By the way, can’t you get a list of channels via ARI, and wouldn’t that information include the channel status? Would that include the information that it is parked?

It’s not meant to replace AMI or AGI, or to unify any of that. They all serve different purposes. It sits in the middle[1], in a place where people were trying to potentially combine the two in order to achieve things.

Parking information is not present as part of channel status.

[1] Asterisk REST Interface (ARI) - Asterisk Project - Asterisk Project Wiki

Remember why people were trying to combine AMI and AGI: it was precisely because of the gap between them. That’s why “Async AGI” mode was introduced, to try to bridge that gap. And don’t forget the peculiarities with opening an AMI connection to listen for events, versus using one for initiating actions: you’d think the two are best kept separate … until you encounter how the Originate action works.

ARI does away with all of this.

Okay, that doesn’t alter the goal of ARI. It’s not to completely replace AGI and AMI.

Let us get back to the goals of ARI as described on that page that you yourself referenced:

“… designed to let a developer build their own custom communications application.”

“ARI is an asynchronous API that allows developers to build communications applications by exposing the raw primitive objects in Asterisk…”

“By handing control of these resources over to all developers - regardless of their language choice - Asterisk becomes an engine of communication, with the business logic of how things should communicate deferred to the application using Asterisk.”

Now, looking at what you know about AMI and AGI, can you point to any feature(s) that they offer that is not helpful with these goals?

The definition of custom communications application within ARI was scoped specifically to the ability to essentially write dialplan applications outside of Asterisk, to yield that business control outside with lower level primitives to give control over a channel. The page talks about that. Not to interface with existing dialplan applications - which is what happens partially with ARI, and a lot with AMI.

Your definition of custom communications application may be more broad and generic (such as an outside program that uses Queue AMI actions to do things), but that’s not what ARI was scoped to. It was scoped to replace Queue.

I don’t foresee that changing.

Unfortunately, I get the impression that a lot of people are trying to use it to replace dialplan, possibly on fashion grounds, e.g. a manager says we must use a REST API.

Worth pointing out that the ability to create dialplan contexts out of thin air was only added in Asterisk 16.3, while ARI was introduced in Asterisk 12.

This means you can’t point to that feature as a core design goal of ARI, since it wasn’t there from the beginning.

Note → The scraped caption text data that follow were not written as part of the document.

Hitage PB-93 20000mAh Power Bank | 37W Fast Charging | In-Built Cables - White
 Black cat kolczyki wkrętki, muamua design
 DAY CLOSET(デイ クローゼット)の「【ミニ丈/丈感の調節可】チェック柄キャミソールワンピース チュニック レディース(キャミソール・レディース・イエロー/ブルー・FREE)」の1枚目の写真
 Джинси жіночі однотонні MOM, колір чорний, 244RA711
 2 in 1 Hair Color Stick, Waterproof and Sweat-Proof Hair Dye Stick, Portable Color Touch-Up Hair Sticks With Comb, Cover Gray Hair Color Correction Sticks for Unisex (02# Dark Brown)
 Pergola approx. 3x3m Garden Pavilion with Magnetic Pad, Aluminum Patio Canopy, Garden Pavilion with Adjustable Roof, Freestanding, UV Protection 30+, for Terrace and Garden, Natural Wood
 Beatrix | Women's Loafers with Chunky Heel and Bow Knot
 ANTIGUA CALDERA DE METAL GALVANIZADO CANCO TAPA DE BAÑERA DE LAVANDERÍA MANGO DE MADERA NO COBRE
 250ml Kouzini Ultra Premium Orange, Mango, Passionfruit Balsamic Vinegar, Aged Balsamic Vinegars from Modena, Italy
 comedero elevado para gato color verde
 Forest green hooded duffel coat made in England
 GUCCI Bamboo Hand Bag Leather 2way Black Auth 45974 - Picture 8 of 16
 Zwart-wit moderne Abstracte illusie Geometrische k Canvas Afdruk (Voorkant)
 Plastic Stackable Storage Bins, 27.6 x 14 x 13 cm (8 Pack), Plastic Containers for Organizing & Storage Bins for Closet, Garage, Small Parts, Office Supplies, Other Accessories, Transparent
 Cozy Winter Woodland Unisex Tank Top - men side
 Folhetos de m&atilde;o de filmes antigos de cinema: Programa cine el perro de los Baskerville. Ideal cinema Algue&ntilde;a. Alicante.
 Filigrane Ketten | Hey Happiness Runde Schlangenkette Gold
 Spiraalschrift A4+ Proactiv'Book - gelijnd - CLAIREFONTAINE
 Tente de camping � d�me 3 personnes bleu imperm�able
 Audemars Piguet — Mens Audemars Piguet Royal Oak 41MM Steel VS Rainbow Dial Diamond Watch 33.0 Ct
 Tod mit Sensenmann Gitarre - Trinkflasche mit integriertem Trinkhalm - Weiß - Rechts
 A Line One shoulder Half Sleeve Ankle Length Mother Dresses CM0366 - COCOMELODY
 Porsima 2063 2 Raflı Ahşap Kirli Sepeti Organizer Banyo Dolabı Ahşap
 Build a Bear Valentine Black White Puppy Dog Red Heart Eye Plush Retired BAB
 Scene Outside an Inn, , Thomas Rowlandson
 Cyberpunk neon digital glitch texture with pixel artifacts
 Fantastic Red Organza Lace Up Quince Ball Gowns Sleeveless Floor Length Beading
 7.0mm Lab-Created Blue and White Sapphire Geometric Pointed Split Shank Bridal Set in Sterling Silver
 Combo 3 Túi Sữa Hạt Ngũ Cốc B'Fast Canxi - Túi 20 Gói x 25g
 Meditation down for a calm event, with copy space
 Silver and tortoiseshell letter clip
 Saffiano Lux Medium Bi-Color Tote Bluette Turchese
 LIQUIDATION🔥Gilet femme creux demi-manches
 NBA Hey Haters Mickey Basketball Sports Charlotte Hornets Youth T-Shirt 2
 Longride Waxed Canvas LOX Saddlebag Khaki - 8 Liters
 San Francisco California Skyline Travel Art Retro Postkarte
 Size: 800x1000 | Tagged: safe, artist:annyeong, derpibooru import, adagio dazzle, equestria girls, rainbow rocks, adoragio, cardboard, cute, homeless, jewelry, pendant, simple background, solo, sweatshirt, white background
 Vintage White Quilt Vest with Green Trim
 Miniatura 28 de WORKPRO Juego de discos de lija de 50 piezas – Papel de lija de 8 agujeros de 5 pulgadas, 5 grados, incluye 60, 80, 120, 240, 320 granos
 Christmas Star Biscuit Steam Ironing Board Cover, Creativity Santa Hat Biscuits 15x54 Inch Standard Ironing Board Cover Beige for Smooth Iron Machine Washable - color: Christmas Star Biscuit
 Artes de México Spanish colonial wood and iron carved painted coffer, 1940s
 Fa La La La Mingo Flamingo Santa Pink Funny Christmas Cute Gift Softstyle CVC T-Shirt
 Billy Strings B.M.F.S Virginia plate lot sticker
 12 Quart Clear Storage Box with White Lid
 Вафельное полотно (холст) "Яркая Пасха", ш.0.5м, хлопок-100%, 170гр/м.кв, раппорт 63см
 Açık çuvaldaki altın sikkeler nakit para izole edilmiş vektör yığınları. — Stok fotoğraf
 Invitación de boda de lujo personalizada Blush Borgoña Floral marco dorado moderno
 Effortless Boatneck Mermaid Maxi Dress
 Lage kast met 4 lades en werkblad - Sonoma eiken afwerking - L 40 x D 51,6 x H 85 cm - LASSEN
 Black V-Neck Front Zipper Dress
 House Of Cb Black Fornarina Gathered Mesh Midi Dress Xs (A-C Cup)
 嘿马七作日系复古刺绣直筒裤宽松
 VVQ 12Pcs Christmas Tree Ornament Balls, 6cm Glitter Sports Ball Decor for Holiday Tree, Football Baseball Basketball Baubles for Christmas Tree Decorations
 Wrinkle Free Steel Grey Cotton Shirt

The fact that it was added as an ARI feature, not available with AMI+AGI, just reinforces my point that ARI is the future, while AMI+AGI are legacy technologies from this point.

I don’t know what that has to do with things, so I’m just going to walk away. You can believe as you wish.

When you look at phrases like “build their own custom communications application” and “engine of communication”, they are in fact apt descriptions of Asterisk itself, right back to version 1.0. All these interface APIs, from AMI to ARI, are just steps along the way to achieving the same goal. As limitations of an existing approach become apparent, beyond that which can be fixed within the existing framework, a new one is created to address them.